H-Index & Metrics Top Publications

H-Index & Metrics

Discipline name H-index Citations Publications World Ranking National Ranking
Computer Science H-index 107 Citations 57,909 403 World Ranking 108 National Ranking 4

Research.com Recognitions

Awards & Achievements

2019 - Fellow of the Royal Academy of Engineering (UK)

2012 - Fellow of the International Association for Pattern Recognition (IAPR) For contributions to robust computer vision

Overview

What is he best known for?

The fields of study he is best known for:

  • Artificial intelligence
  • Computer vision
  • Machine learning

Philip H. S. Torr focuses on Artificial intelligence, Computer vision, Segmentation, Pattern recognition and Machine learning. His work in Image segmentation, Video tracking, Deep learning, Object detection and Artificial neural network is related to Artificial intelligence. His work deals with themes such as Robustness and Source code, which intersect with Computer vision.

His research on Segmentation also deals with topics like

  • Pixel which connect with Image,
  • Convolutional neural network, which have a strong connection to Enhanced Data Rates for GSM Evolution. His studies deal with areas such as Estimation theory, Statistics, Bayesian probability and Outlier as well as Pattern recognition. His work on MNIST database as part of general Machine learning study is frequently connected to Generalization, therefore bridging the gap between diverse disciplines of science and establishing a new relationship between them.

His most cited work include:

  • Struck: Structured output tracking with kernels (1626 citations)
  • MLESAC: A New Robust Estimator with Application to Estimating Image Geometry (1613 citations)
  • Fully-Convolutional Siamese Networks for Object Tracking (1512 citations)

What are the main themes of his work throughout his whole career to date?

His primary areas of investigation include Artificial intelligence, Computer vision, Pattern recognition, Segmentation and Machine learning. His Object, Image segmentation, Image, Artificial neural network and Pixel investigations are all subjects of Artificial intelligence research. His Computer vision study frequently draws connections between adjacent fields such as Robustness.

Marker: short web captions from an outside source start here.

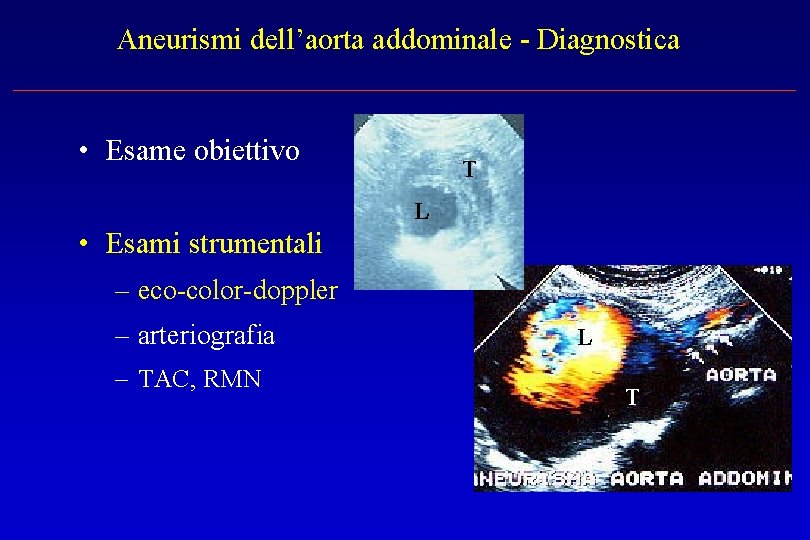 Aneurismi dell’aorta addominale - Diagnostica • Esame obiettivo T L • Esami strumentali –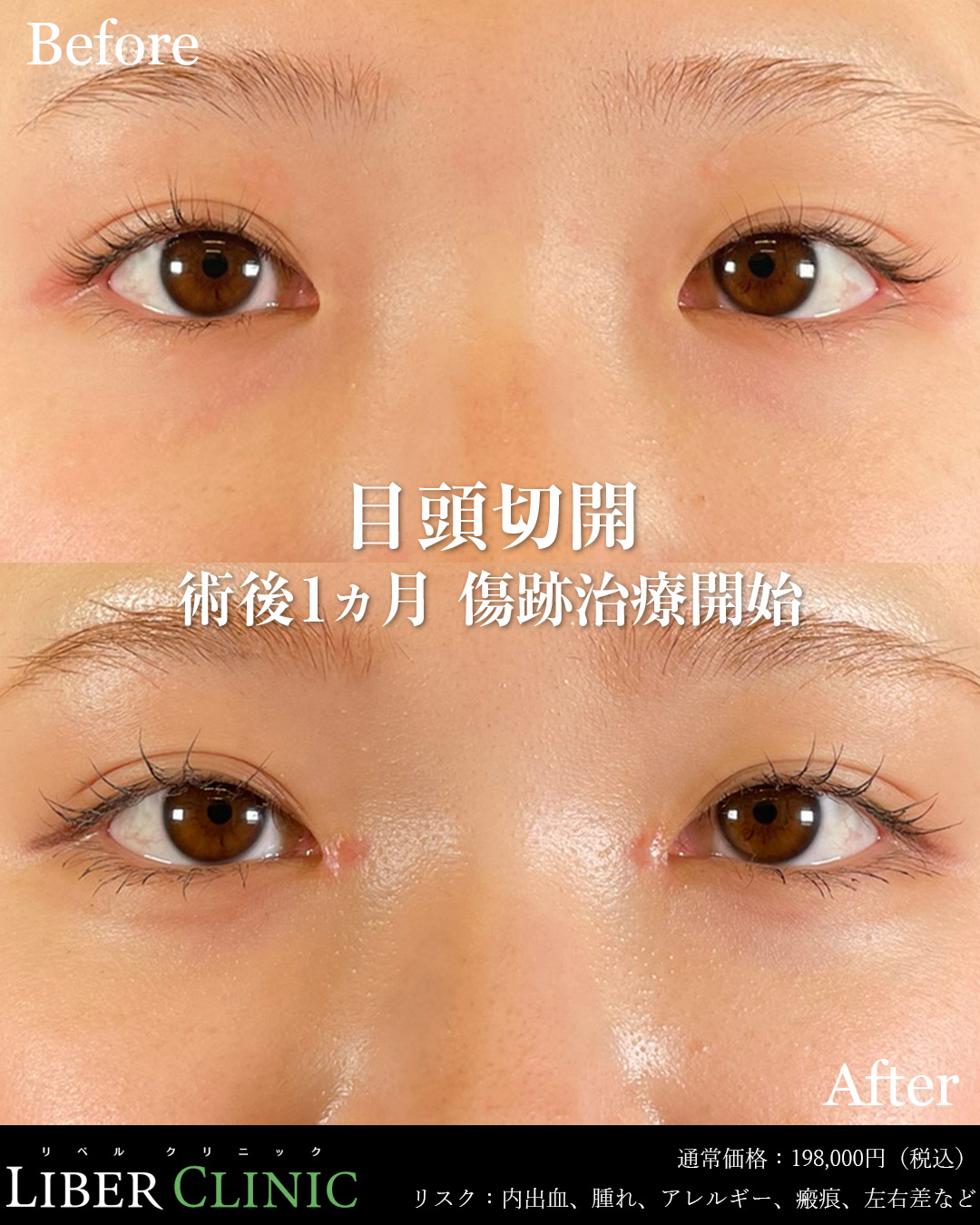 手術前と術後1ヵ月（傷跡治療開始）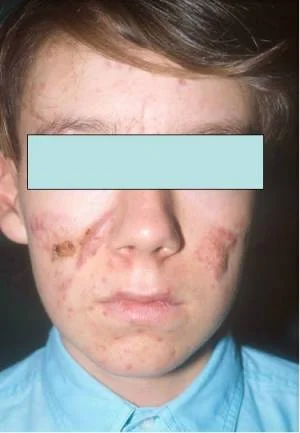 aCNE_8_300_433_70.jpg
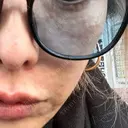 ピコレーザートーニング（美白・肝斑） / ピコフラクショナルレーザー（毛穴・ニキビ跡） しんゆり美容健康クリニック DAY 0 サムネイル用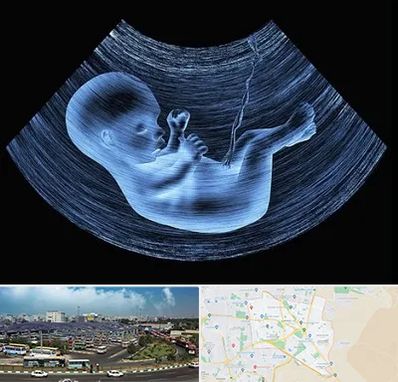 دکتر متخصص غربال گری در منطقه 15 تهران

His Pattern recognition research is multidisciplinary, relying on both Cognitive neuroscience of visual object recognition and Feature. His Segmentation study incorporates themes from CRFS, Conditional random field, Pascal and Inference. Philip H. S. Torr has researched Machine learning in several fields, including Structure, Probabilistic logic and Generative grammar.

He most often published in these fields:

  • Artificial intelligence (76.84%)
  • Computer vision (32.54%)
  • Pattern recognition (26.84%)

What were the highlights of his more recent work (between 2018-2021)?

  • Artificial intelligence (76.84%)
  • Machine learning (20.04%)
  • Pattern recognition (26.84%)

In recent papers he was focusing on the following fields of study:

His primary areas of study are Artificial intelligence, Machine learning, Pattern recognition, Artificial neural network and Segmentation. His study connects Computer vision and Artificial intelligence. His Machine learning research incorporates elements of Generative grammar and Training set.

His research integrates issues of Encoder, Pascal, Invariant and Pooling in his study of Pattern recognition. The concepts of his Artificial neural network study are interwoven with issues in Algorithm, Formal verification, Theoretical computer science, Pruning and Initialization. The various areas that Philip H. S. Torr examines in his Segmentation study include Object, Object detection, Minimum bounding box and Pixel.

Between 2018 and 2021, his most popular works were:

  • Fast Online Object Tracking and Segmentation: A Unifying Approach (367 citations)
  • The sixth visual object tracking VOT2018 challenge results (299 citations)
  • Res2Net: A New Multi-Scale Backbone Architecture (265 citations)

In his most recent research, the most cited papers focused on:

  • Artificial intelligence
  • Computer vision
  • Machine learning

Philip H. S. Torr mostly deals with Artificial intelligence, Computer vision, Segmentation, Pattern recognition and Artificial neural network. His Artificial intelligence research incorporates themes from Machine learning and Source code. His Computer vision research includes elements of Set and Robustness.

His work in the fields of Segmentation, such as Image segmentation, overlaps with other areas such as Fusion. His Pattern recognition research includes themes of Pascal, Iterative reconstruction and Existential quantification. His research investigates the connection with Artificial neural network and areas like Algorithm which intersect with concerns in Differentiable function.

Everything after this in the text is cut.